Black-issues symposium attracts only 1 candidate
Obama, the black candidate, won’t attend the symposium on black issues.
MCCLATCHY NEWSPAPERS
WASHINGTON — Presidential politics will take center stage in New Orleans on Saturday at the annual “State of the Black Union” symposium, where the hottest topic is likely to be which candidate is there and which one isn’t.
Democratic presidential candidate Hillary Clinton will address a largely black crowd of thousands in New Orleans’ Ernest M. Morial Convention Center — where thousands of the city’s poorest residents sought shelter in squalid conditions after Hurricane Katrina in 2005.
Sen. Barack Obama, D-Ill., Clinton’s Democratic rival, is skipping the event. He’ll focus instead on campaigning in Texas and Ohio in hopes of delivering a knockout blow to Clinton in those states’ presidential primaries on March 4.
The Republican presidential candidates, Sen. John McCain of Arizona and former Arkansas Gov. Mike Huckabee, also declined to attend the symposium, which television and radio talk show host Tavis Smiley organized and will host.
Obama’s refusal to attend and Smiley’s criticism of him for doing so have stirred debate within the black community and the blogosphere, taking both men to task.
“On one side, there are people who feel he [Obama] is about to make history and you [Smiley] are trying to mess it up,” said Ronald Walters, a black political science professor at the University of Maryland. “Then there are others who feel that Obama needs to address issues important to African-Americans more than he has.”

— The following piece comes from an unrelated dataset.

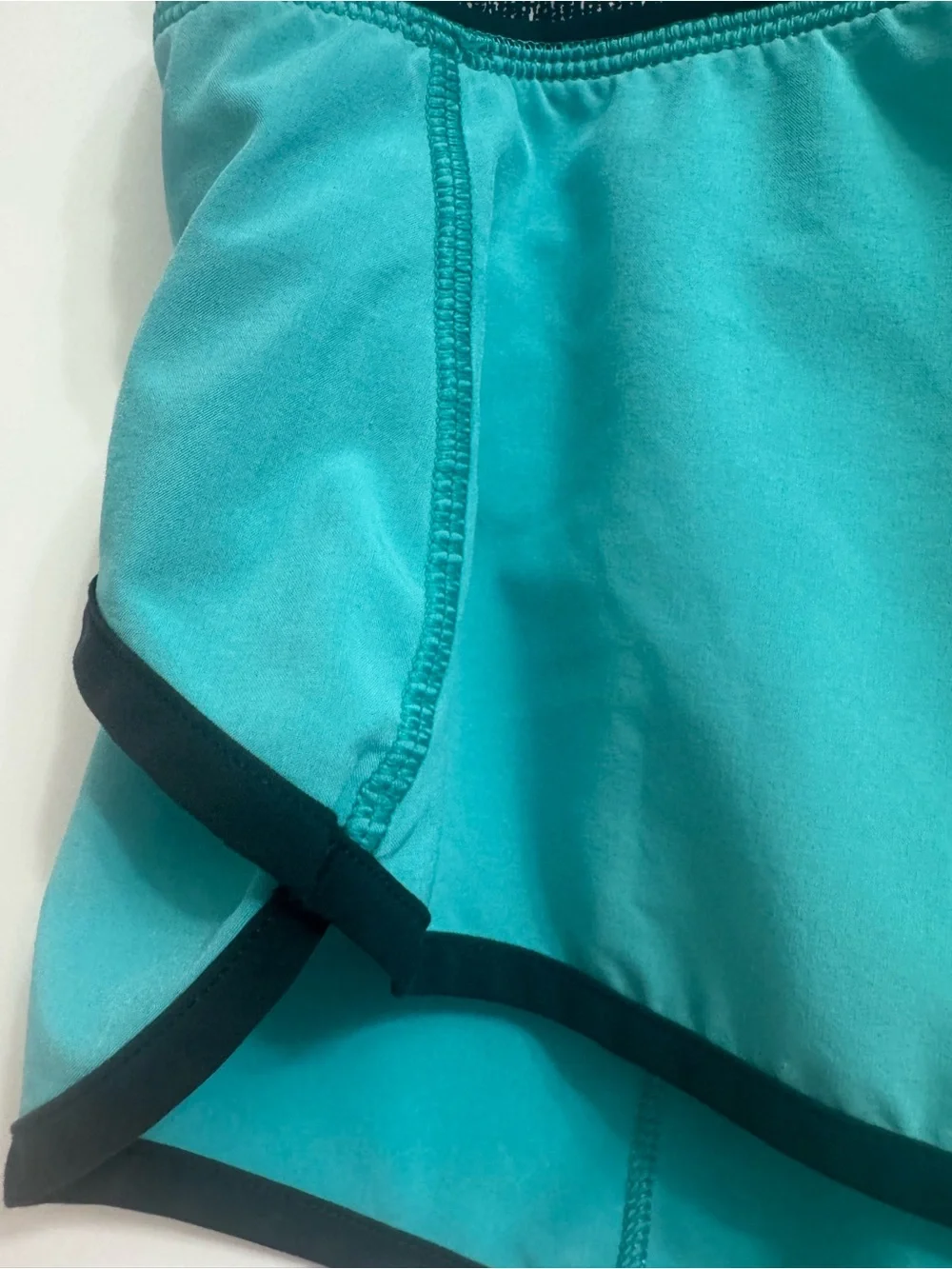Lululemon Run Speed Short 2.5” LR 4-Way Stretch Teal Turquoise Gray Black 6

Clinton, meanwhile, is attending because she has to try to woo back black voters who’ve deserted her in droves, political analysts say. Within a year, black support has flipped from favoring her to backing Obama by as much as 80 percent to 90 percent in recent primaries.
Clinton could receive a cool reception from blacks, who think that her campaign — especially her husband, former President Clinton — injected race into South Carolina’s Democratic primary last month to try to marginalize Obama as “the black candidate.”
“Her coming to the event, it’s a bit of a risk. She could get a chilly reception,” Walters said. “If it hadn’t been for South Carolina, she could go into the forum expecting a good reception.”